La preziosa retrospettiva su Dziga Vertov proposta dalle Giornate del cinema muto 2004 ha riaperto il dibattito su come la storiografia possa o no attingere al cinema (e in particolare al docu-film) come fonte per la ricerca. Le immagini della Russia post rivoluzione del '17 nella Kino-nedelia e nella kino pravda ha ripresentato il problema su quanto fossero valide come documento. Ad alimentare il dubbio ha contribuito il titolo della rassegna stessa che con una definizione dello stesso regista sovietico -ansioso di prendere le distanze dai film di finzione- è stata identificata con La fabbrica del reale, lasciando il sospetto che già la parola 'fabbrica' fosse sinonimo di artificiale e dunque inattendibile. Perché su una cosa non c'è dubbio: le riserve con cui gli storiografi hanno guardato al cinema non sono il frutto di una semplice 'spocchia' intellettuale nei confronti di un mezzo che generalmente serve all'intrattenimento. Semmai vanno ricercate nell'ambiguità -già rilevata da Pino Ortoleva- tra documento e rappresentazione che persiste nei film.

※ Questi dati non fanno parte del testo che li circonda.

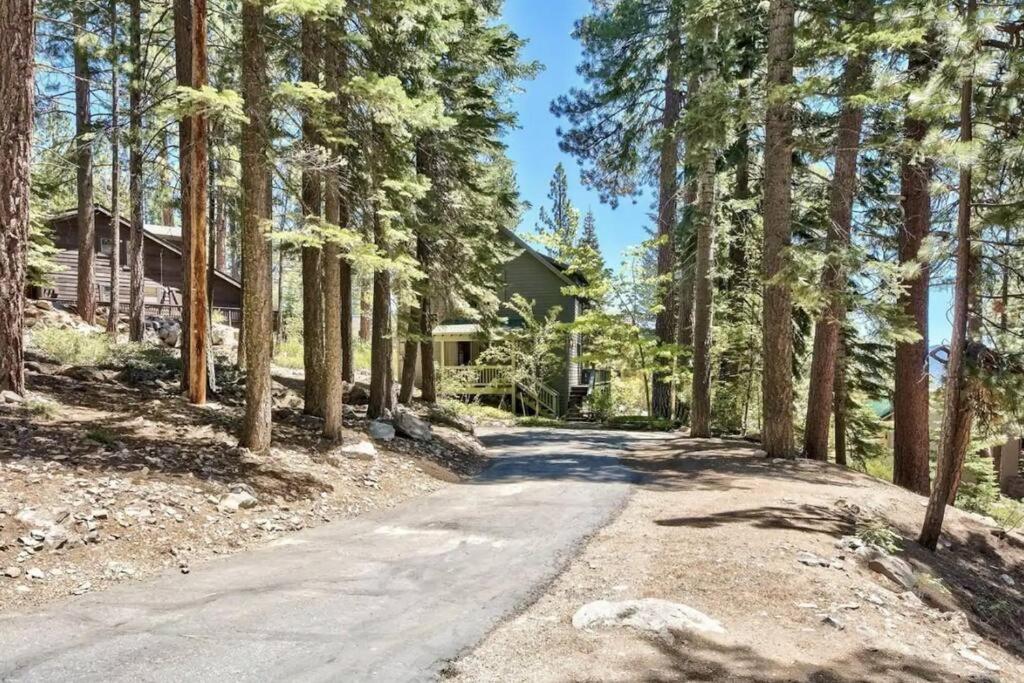 Cozy Designer Decorated Cabin Near Slopes Fireplace Peekaboo Lakeview - Property Image 11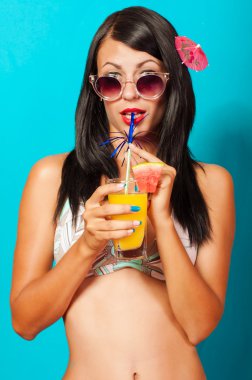 bikini bir kokteyl ile güzel kız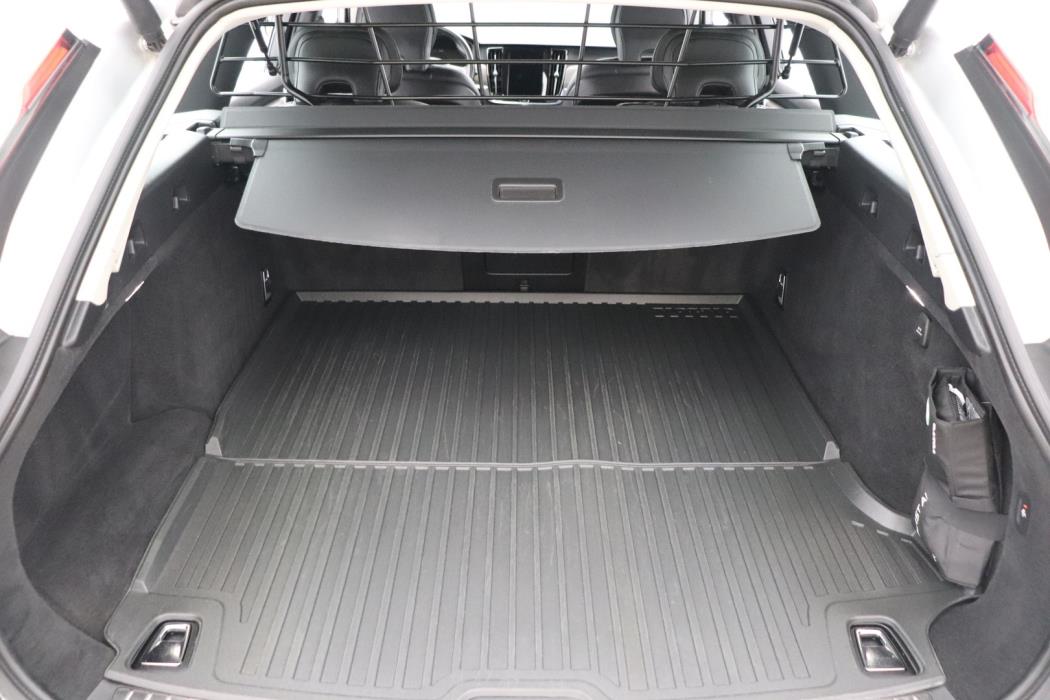 VOLVO V90 Cross Country 2020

Se si crede però che gli eventi umani più che dall'opacità del caso siano regolati da una qualche forma di razionalità, è azzardato catalogare le immagini in movimento tra le fonti minori, soprattutto nell'attuale periodo che -secondo un luogo comune- è dell'immagine. Nel saggio La celluloid e la marbre del '55 Rohmer identificava "nella possibilità di riprodurre esattamente la realtà il privilegio più immediato del cinema". Si, ma quale realtà? Nella Kino-pravda 1-8 Vertov non si limita soltanto a mostrare, ma anche a spiegare i fatti, contribuendo così ad una costruzione del senso. Ad una sequenza di bambini che muoiono di fame nella Russia del 1922 (tesi), ne segue un'altra in cui lo Stato confisca i tesori della chiesa ortodossa (antitesi), salvo poi chiudere sulla didascalia "Ogni perla salverà un bambino" (sintesi). Si tratta di una palese manipolazione, ma è altrettanto palese che l'accaduto non può diventare non-accaduto (factum infectum fieri nequit) e se oggi, a 82 anni di distanza, imperversa nelle sale di mezzo mondo "Fahrenheit 9/11" è evidente che il cinema -come luogo dell'inconscio sociale- avverta ancora la necessità di indagare e raccontare oltre la televisione (più orientata ad un'informazione immediata) quel che Sorlin definisce si frammenti di realtà, ma innalzati al rango di paradigmi e dunque imprescindibili per gli storiografi, a meno che non vogliano limitarsi a snocciolare una mera cronologia di eventi. Tralasciando dunque posizioni più oltranziste secondo cui il cinema si possa inserire "nell'ordine di un rinnovamento della disciplina e delle ricerche storiche" (De Baeque e Delogue) vale la pena -come nel caso dei film di Vertov- soffermarsi sul valore di immagini che comunque, a voler essere pignoli, sono solo l'illusione del movimento. Stabilire quanto poi siano stati illusori anche i significati in esse racchiusi non è più compito nostro. E forse neanche degli storici.